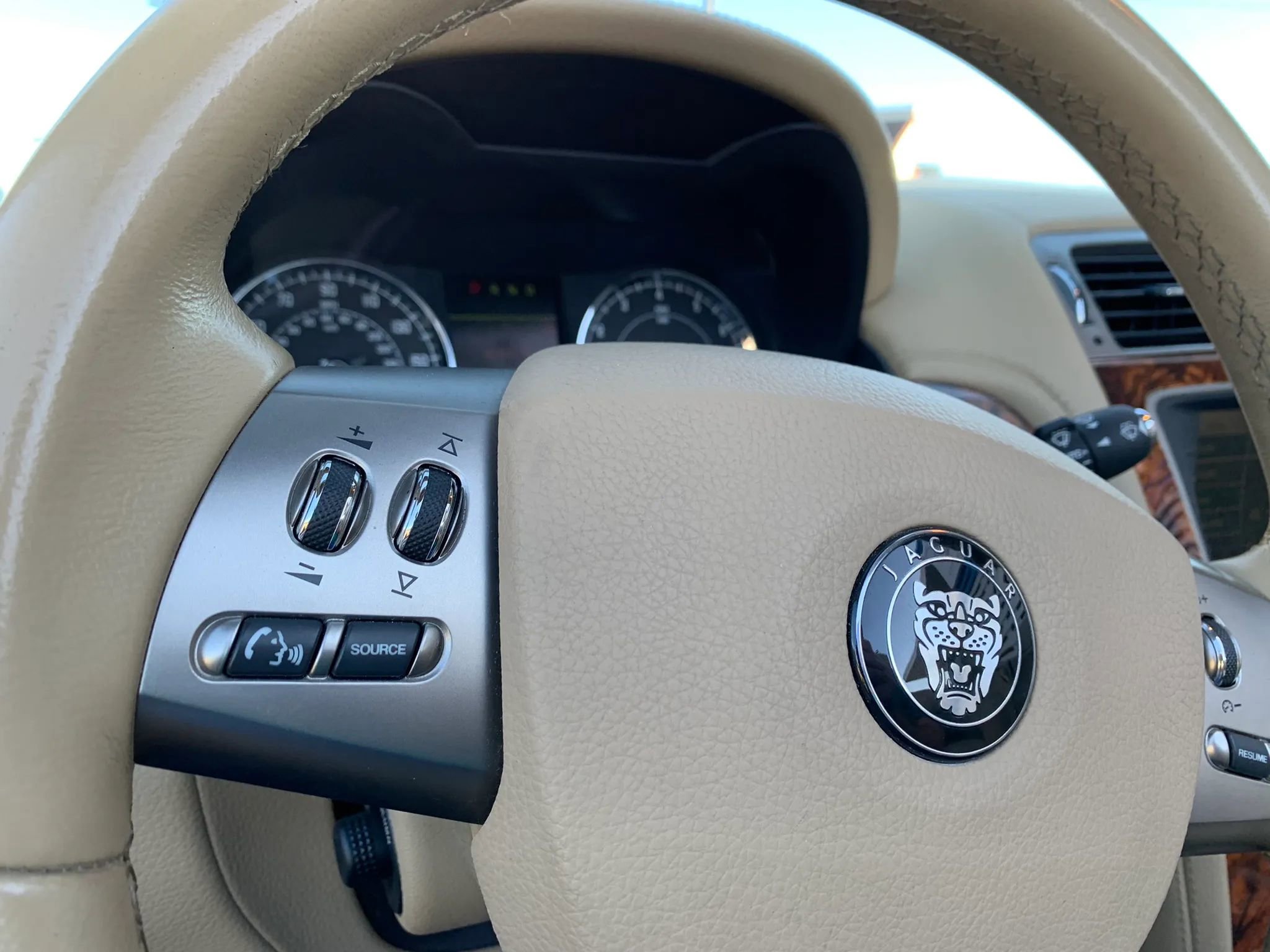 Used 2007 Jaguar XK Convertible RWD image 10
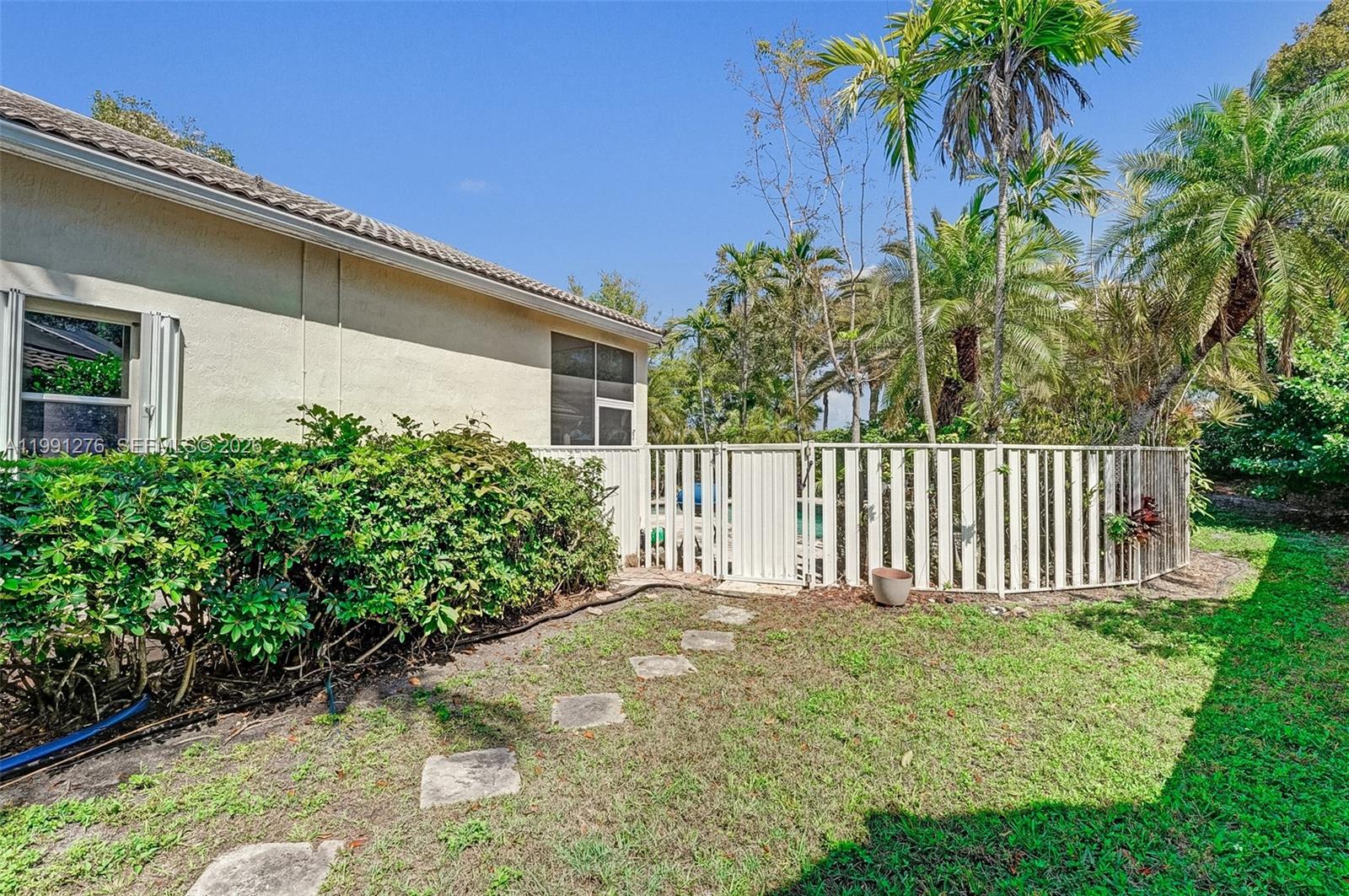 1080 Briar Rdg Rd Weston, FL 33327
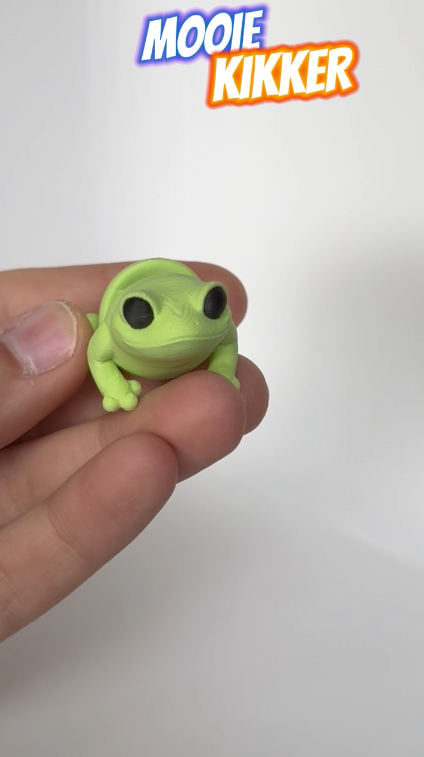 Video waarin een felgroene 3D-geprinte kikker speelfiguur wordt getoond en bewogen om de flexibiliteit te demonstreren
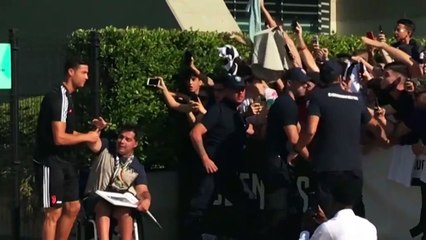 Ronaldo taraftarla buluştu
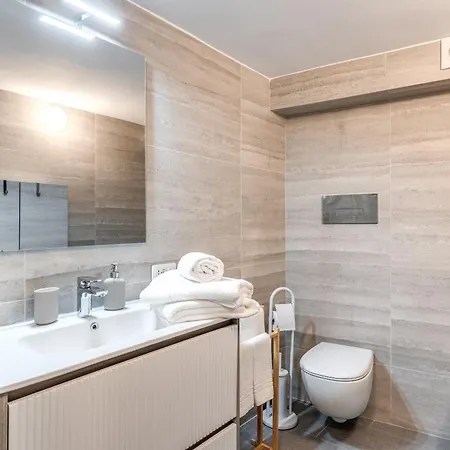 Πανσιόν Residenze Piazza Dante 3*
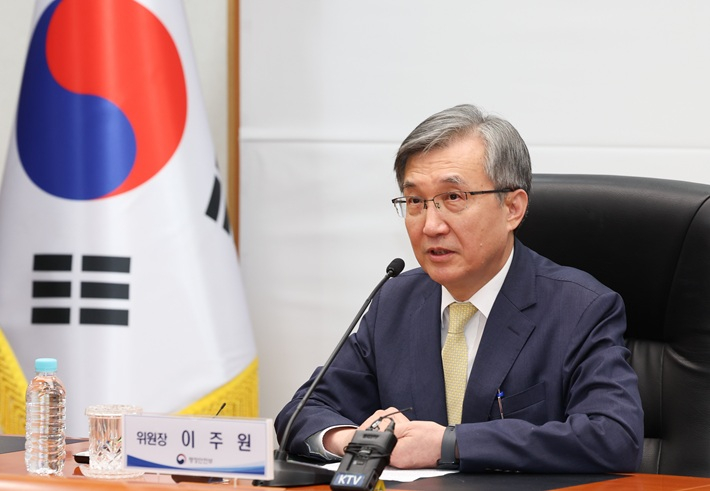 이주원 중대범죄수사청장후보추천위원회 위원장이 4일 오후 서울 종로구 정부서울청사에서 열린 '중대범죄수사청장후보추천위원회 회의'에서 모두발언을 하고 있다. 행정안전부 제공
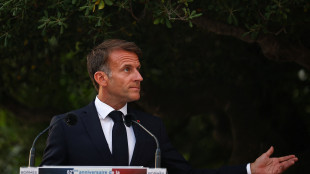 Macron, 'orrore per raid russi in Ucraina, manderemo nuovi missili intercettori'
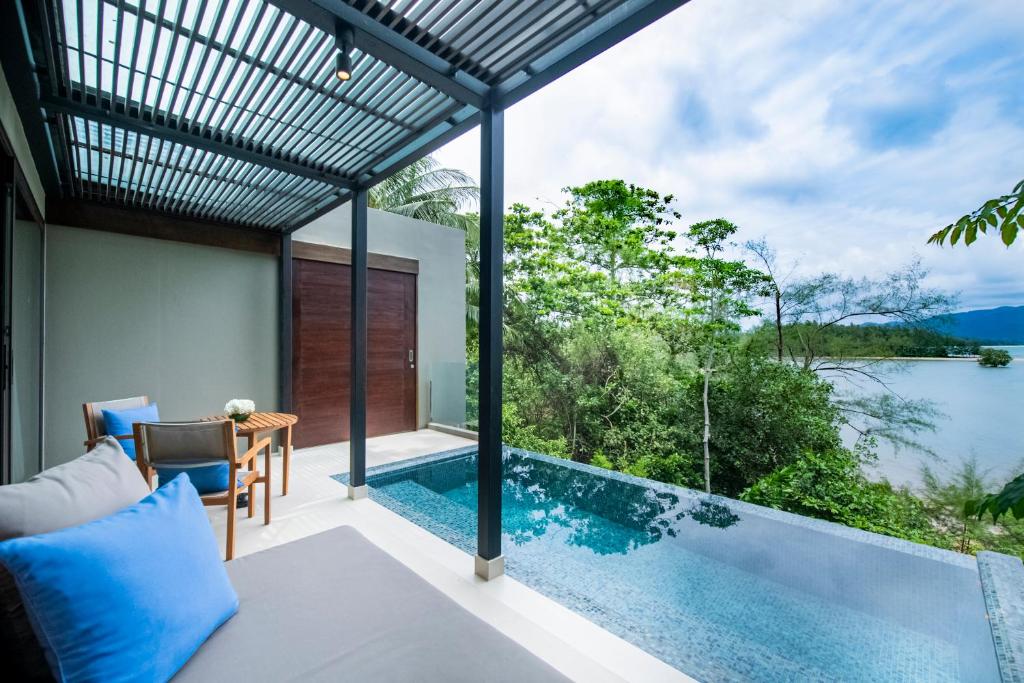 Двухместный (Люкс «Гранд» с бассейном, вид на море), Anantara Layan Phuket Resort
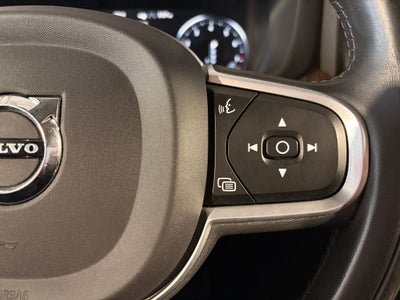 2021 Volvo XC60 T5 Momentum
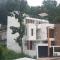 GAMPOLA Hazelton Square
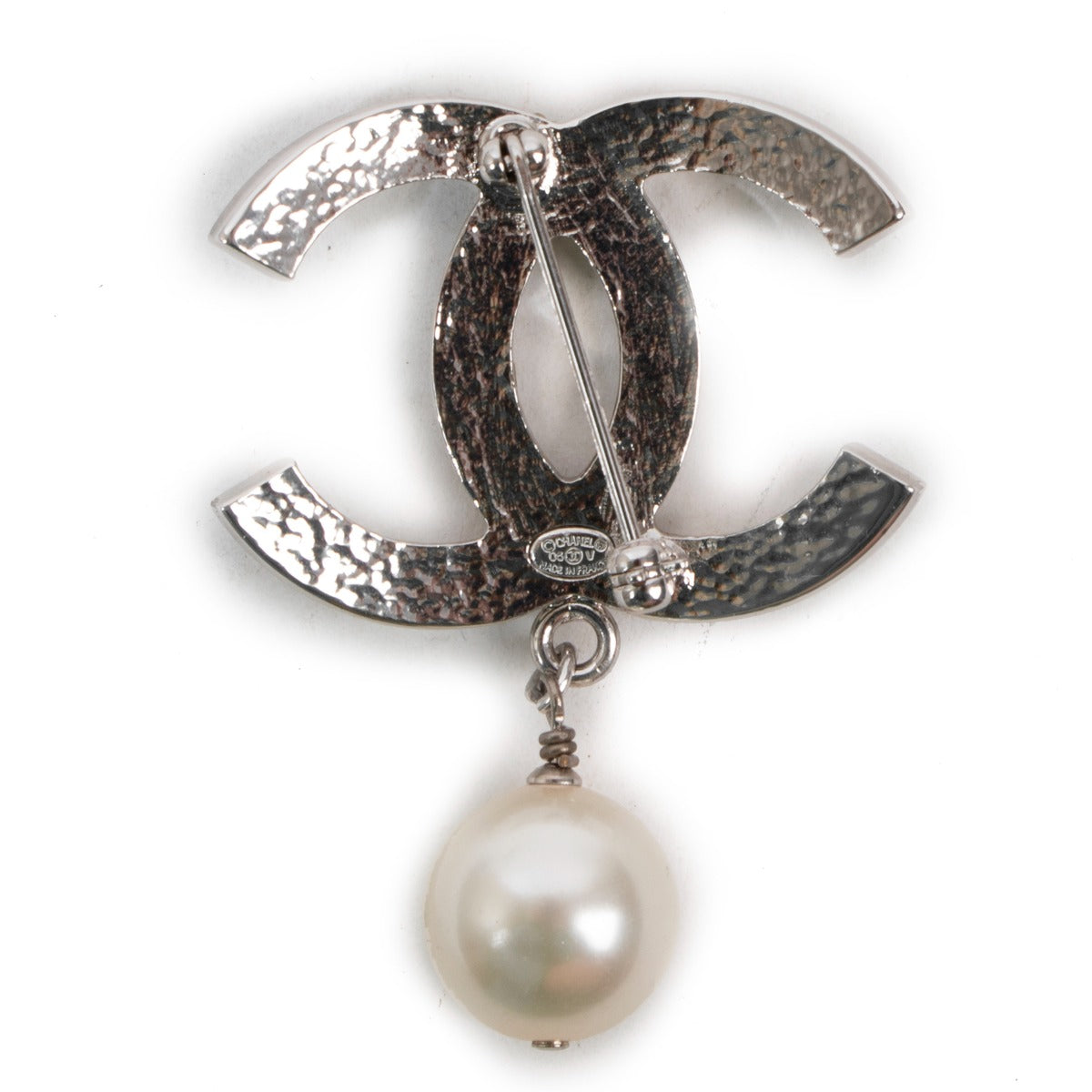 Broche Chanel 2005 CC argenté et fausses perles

----

- **PROBLEM DETAILS**
Give back exactly the lines from the one that contains "Macron, 'orrore per" to the final line of the data above, both included, with all pictures removed.

- **COMPLETED TASK**
 Macron, 'orrore per raid russi in Ucraina, manderemo nuovi missili intercettori'
 Двухместный (Люкс «Гранд» с бассейном, вид на море), Anantara Layan Phuket Resort
 2021 Volvo XC60 T5 Momentum
 GAMPOLA Hazelton Square
 Broche Chanel 2005 CC argenté et fausses perles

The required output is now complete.